PROBLEM TO SOLVE:
Transcribe the records exactly. Pictures do not belong in the transcription.

══════════════════════════════

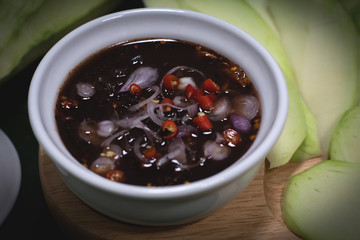 sliced green mango with sweet fish sauce decorate with ingredients on banana leaf background, Thai food on summer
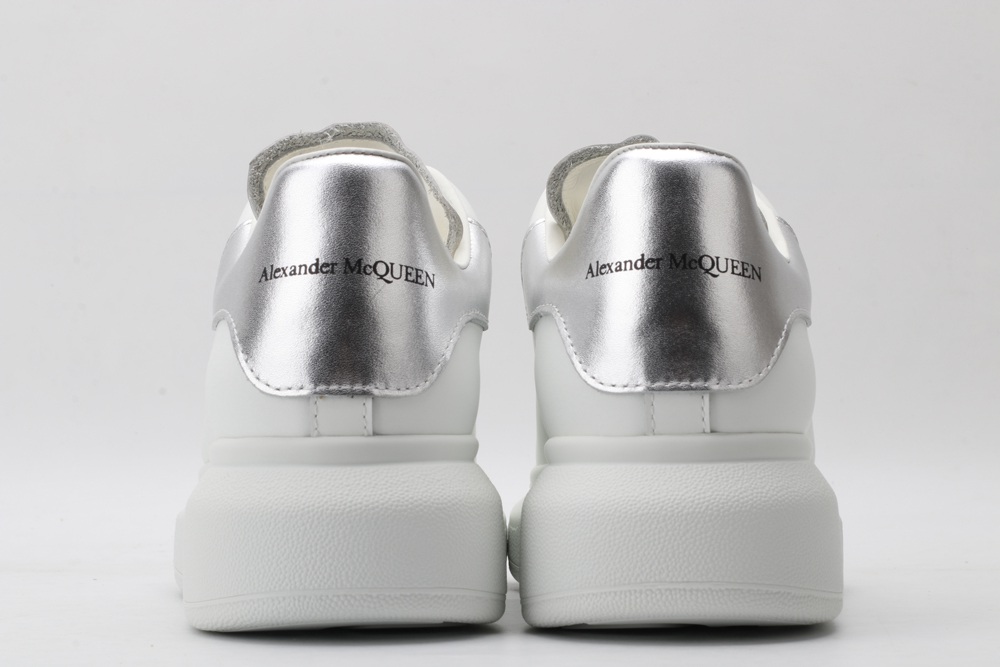AMQ oversized sneakers with siL*Ver heel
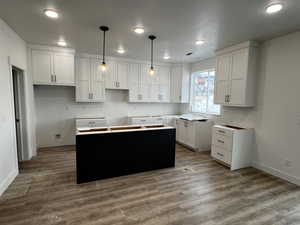 Kitchen featuring white cabinetry, hardwood / wood-style floors, a kitchen island, and pendant lighting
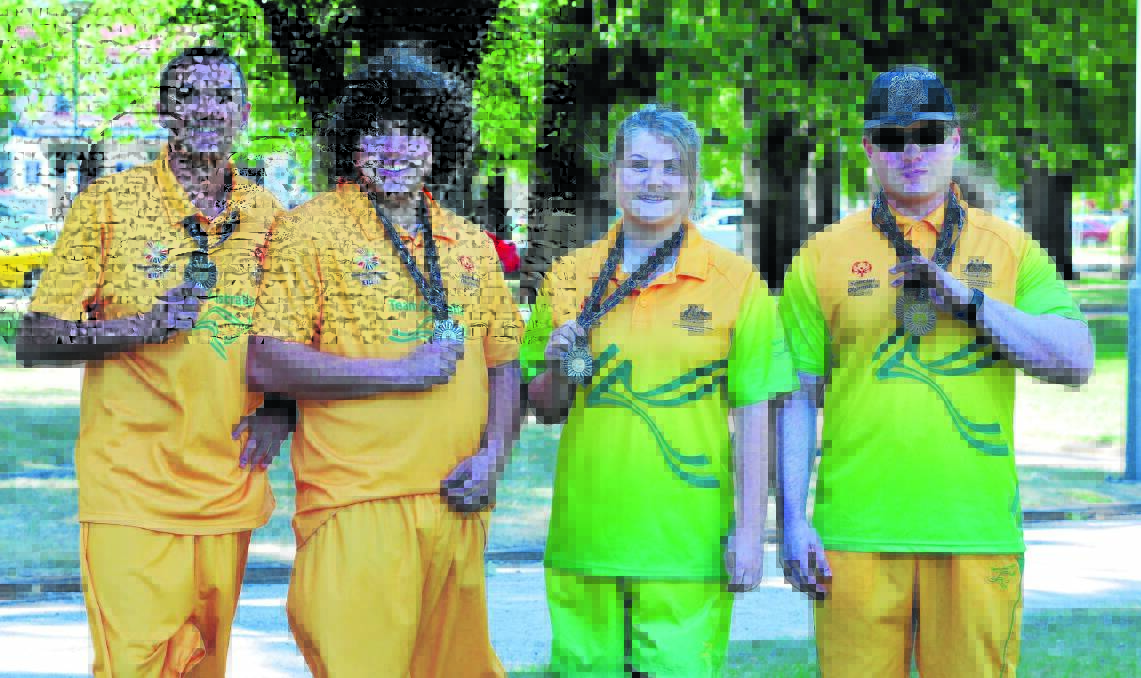 DREAM TEAM: Dean Pallier, Keelan Crawford, Siena Boland and Luke Rout all brought home medals from the Special Olympics Asia Pacific Games. Photo: JUDE KEOGH 1211olympics1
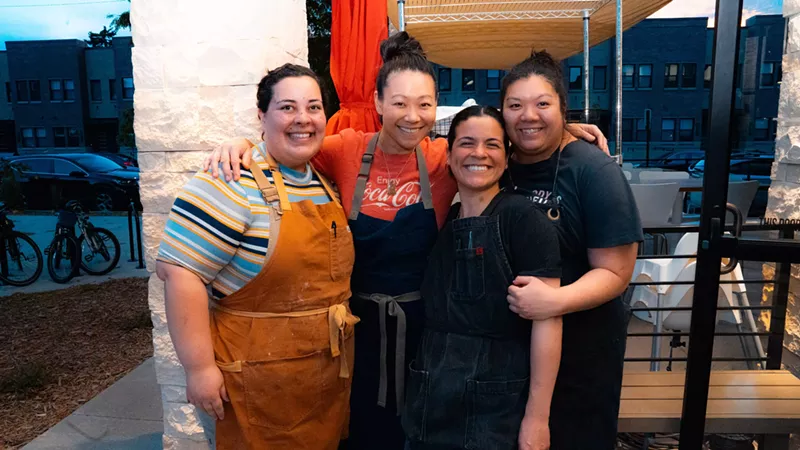 Image: four women in aprons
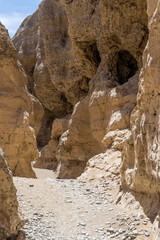 punched steep worn sandstone cliffs at narrow Serisem canyon, Naukluft desert,  Namibia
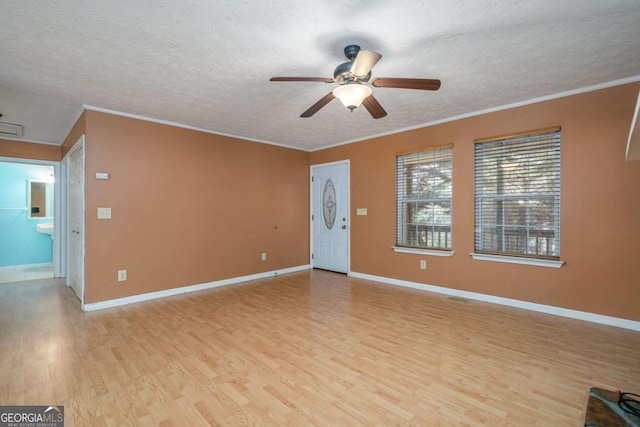 empty room with a textured ceiling, light hardwood / wood-style flooring, ceiling fan, and ornamental molding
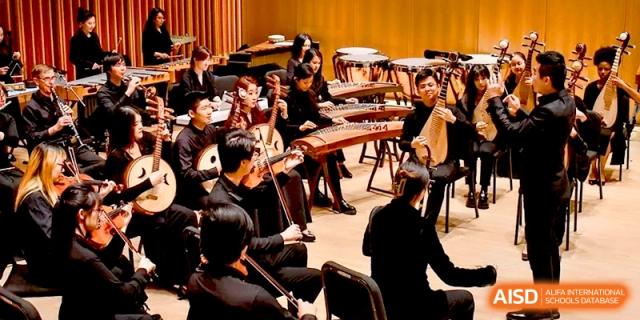 A traditional Chinese music ensemble performing with various string instruments at Beijing Eastbank Academy of Music.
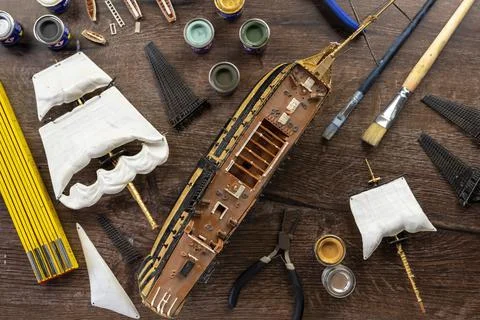 Model Ship Building handcraft on table with different materials Stock Photos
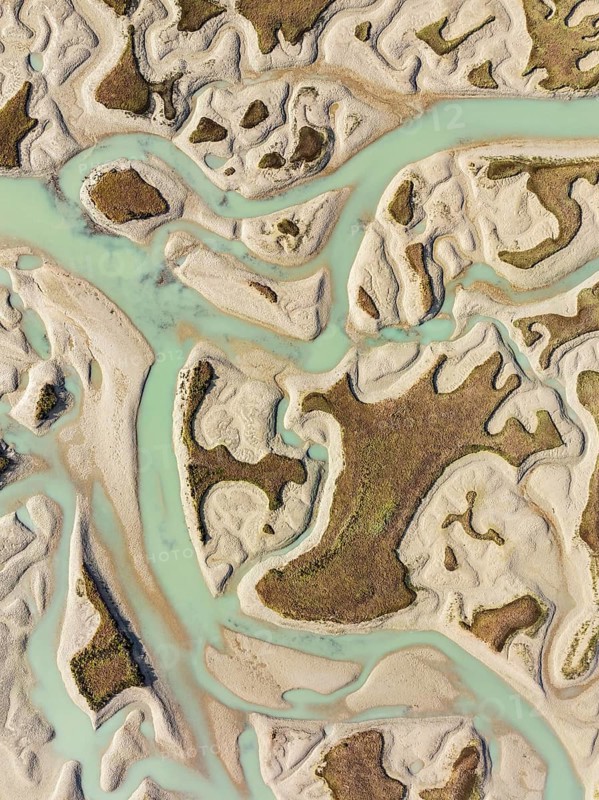 Network of channels and streams at low tide. In the marshland of the Bahía de Cádiz Nature Reserve. Aerial view. Drone shot. Cádiz province, Andalusia, Spain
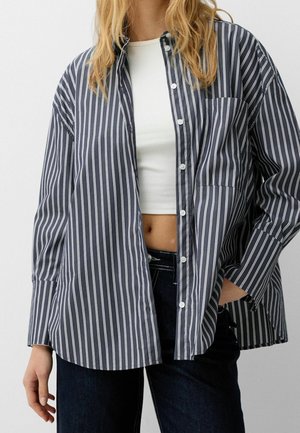 Woman wearing open navy blue and white vertical striped button-up shirt over a white crop top and dark jeans, hand in pocket.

══════════════════════════════

EXERCISE ANSWER:
 sliced green mango with sweet fish sauce decorate with ingredients on banana leaf background, Thai food on summer
AMQ oversized sneakers with siL*Ver heel
 Kitchen featuring white cabinetry, hardwood / wood-style floors, a kitchen island, and pendant lighting
 DREAM TEAM: Dean Pallier, Keelan Crawford, Siena Boland and Luke Rout all brought home medals from the Special Olympics Asia Pacific Games. Photo: JUDE KEOGH 1211olympics1
 Image: four women in aprons
 punched steep worn sandstone cliffs at narrow Serisem canyon, Naukluft desert,  Namibia
 empty room with a textured ceiling, light hardwood / wood-style flooring, ceiling fan, and ornamental molding
 A traditional Chinese music ensemble performing with various string instruments at Beijing Eastbank Academy of Music.
 Model Ship Building handcraft on table with different materials Stock Photos
 Network of channels and streams at low tide. In the marshland of the Bahía de Cádiz Nature Reserve. Aerial view. Drone shot. Cádiz province, Andalusia, Spain
 Woman wearing open navy blue and white vertical striped button-up shirt over a white crop top and dark jeans, hand in pocket.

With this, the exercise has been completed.